» **RECORD EXCERPTS**
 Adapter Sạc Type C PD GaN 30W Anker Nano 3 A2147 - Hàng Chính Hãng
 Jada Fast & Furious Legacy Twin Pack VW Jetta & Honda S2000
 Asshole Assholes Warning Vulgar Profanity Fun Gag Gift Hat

...

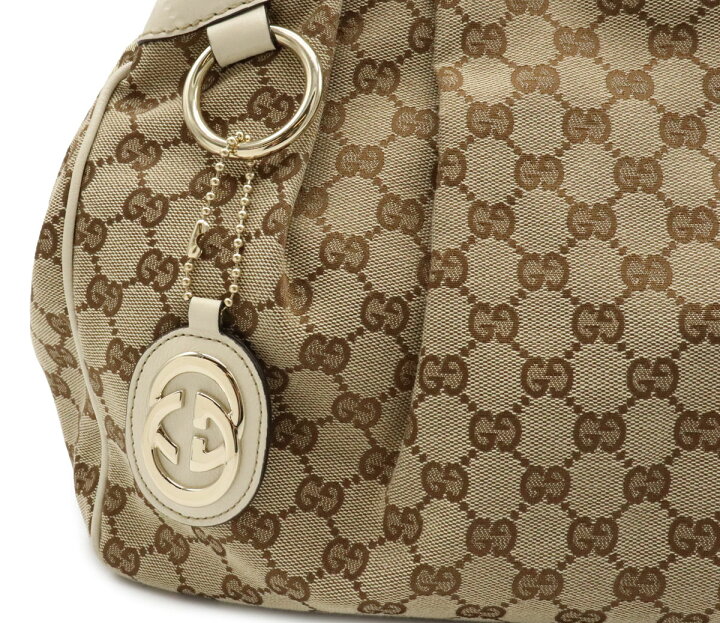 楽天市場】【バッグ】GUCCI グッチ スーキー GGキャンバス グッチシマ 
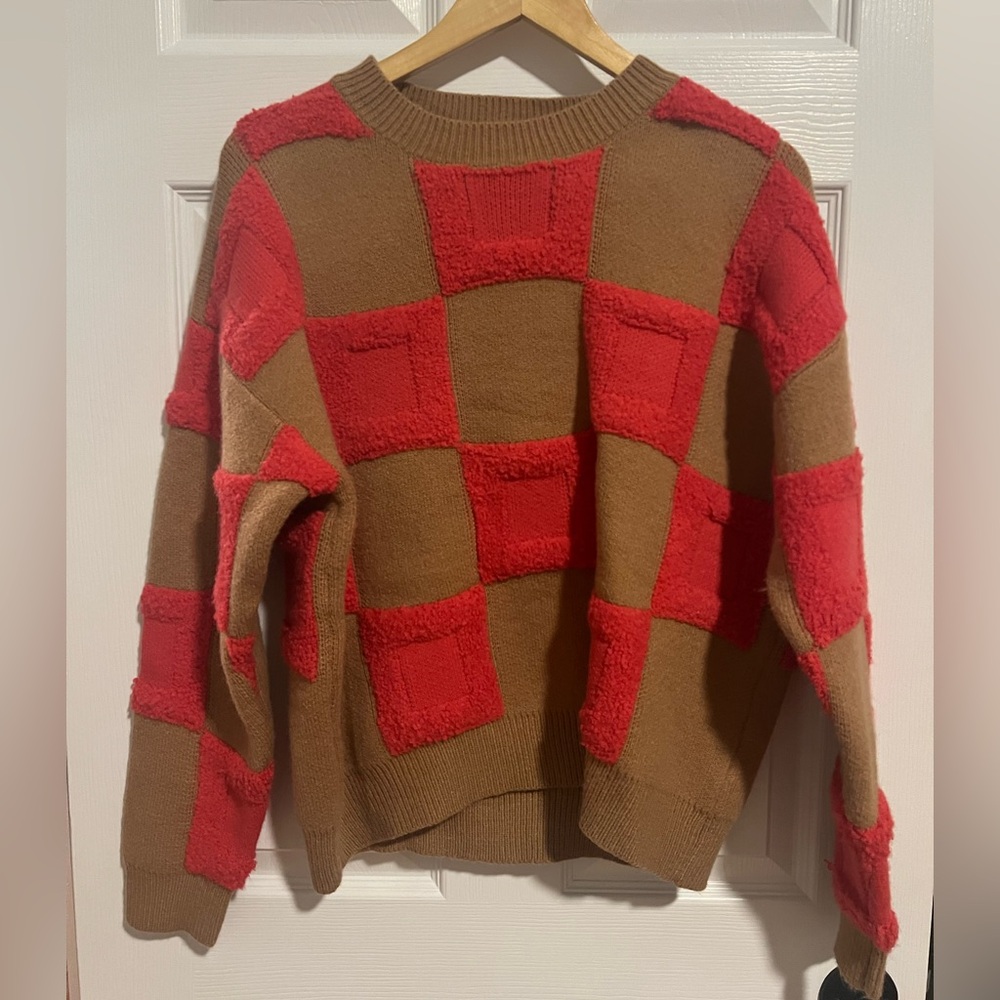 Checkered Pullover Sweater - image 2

» **WHAT IS NEEDED**
Among the lines above, repeat exactly those from the line with "Jada Fast &" to the line with "Asshole Assholes Warning", counting both ends.

» **SOLUTION FOR THIS EXERCISE**
 Jada Fast & Furious Legacy Twin Pack VW Jetta & Honda S2000
 Asshole Assholes Warning Vulgar Profanity Fun Gag Gift Hat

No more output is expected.